Plus tard, F. m’a expliqué que le
médecin s’était exprimé ainsi, en utilisant le présent plutôt que le futur,
parce qu’il était romain et que les gens de Rome ont cette particularité de
langage. Pour ma part, je dois avouer que je n’avais pas reconnu son accent
romain, tandis que j’avais des étoiles qui me poussaient autour de la tête et
que mon corps cherchait une parcelle de sol où s’effondrer.
Avant de quitter le restaurant, nous
nous sommes arrêtés à la table du docteur pour le remercier d’avoir pris soin
de moi.
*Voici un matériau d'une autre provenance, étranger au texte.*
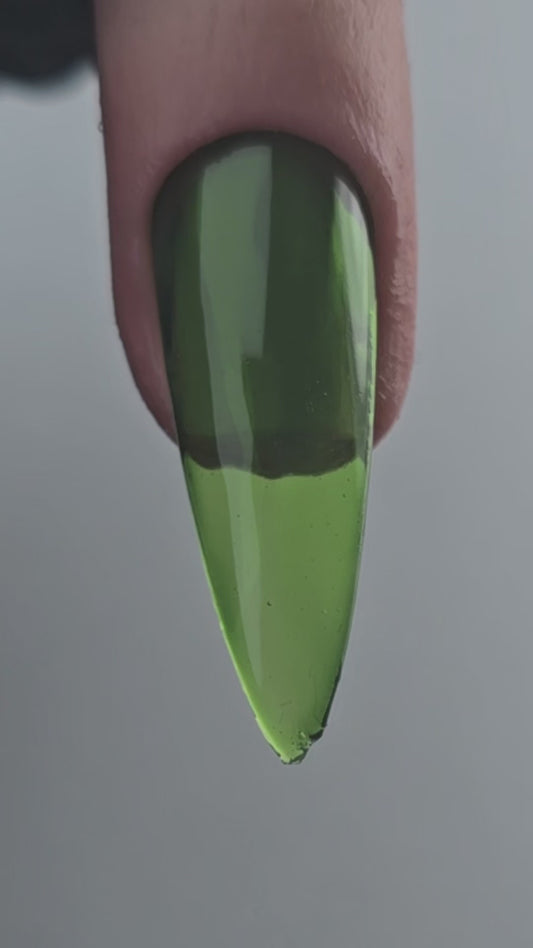 Esmalte semipermanente N213 Lima efecto gelatina (translúcido)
Mon beau-père lui serra la main en lui disant et j’ai l’honneur de m’adresser au docteur… ? Ce dernier
répondit Professore. Sono il professore
Chose Binouche. Scusez pardon. Mon médecin de famille n’était pas seulement
docteur, il était PROFESSEUR, donc une coche supérieure aux vulgaires
détenteurs d’un doctorat en médecine. Une fois à l’extérieur, Lorena, une amie
de la famille qui nous accompagnait pour souper et qui n’a pas la langue dans
sa poche, a lancé Professore. No ma, vai
a cagare! (Professeur, non mais, va donc chier !)
S’il y avait effectivement
quelque chose d’hautain dans la manière dont cet homme s’était présenté à nous
(ce qui a enlevé beaucoup de crédibilité à sa gentillesse), il faut savoir que
c’est une réaction plutôt normale venant de la part d’un dottore italiano. En
italien, les titres sont très importants. Tous les gens qui possèdent un
doctorat, peu importe en quoi, se font appeler dottore et généralement, c’est même inscrit sur leur boîte aux
lettres ou sur la porte de leur maison – Sachez qu’ici réside le Dottore
Ti-Coune Spaghetti. Les Italiens ne sont pas seulement respectueux vis-à-vis
des personnes portant un titre comme celui de docteur, ils sont carrément
déférents. Personnellement, ça me fait rigoler. Pourtant, je suis quelqu’un de
très poli qui vouvoie les gens qu’elle ne connaît pas. Seulement, je ne suis
pas hypocrite. Je ne fais pas semblant que ça m’impressionne que quelqu’un ait fait
des études en médecine, un doctorat en botanique ou un autre en théologie
indienne. Félicitations mon pet, tes parents avaient beaucoup d’argent et ont
pu t’envoyer dans une bonne université lorsque tu étais jeune, devrais-je te
lécher les fesses pour autant ? La meilleure, c’est la manière dont les
étudiants d’une université, justement, doivent s’adresser au recteur ; ce
dernier n’est pas seulement Monsieur le recteur, non, non : il est il Magnifico Rettore (le Magnifique
recteur). Ce n’est pas une blague. Laissez-moi rire quand même.
Quand mes enfants grandiront, un
jour, je leur raconterai peut-être cette histoire. Je leur dirai que lorsqu’ils
étaient à l’intérieur de mon ventre, ils me donnaient parfois un peu de fil à
retordre et qu’un certain soir, alors que je ne me sentais pas bien, un gentil Professore a pris soin de moi. Un professeur ? Tu veux dire une
maîtresse d’école, comme madame Solange ? Oui, c’est ça, ma chouette.
Maman a été sauvée par une maîtresse d’école.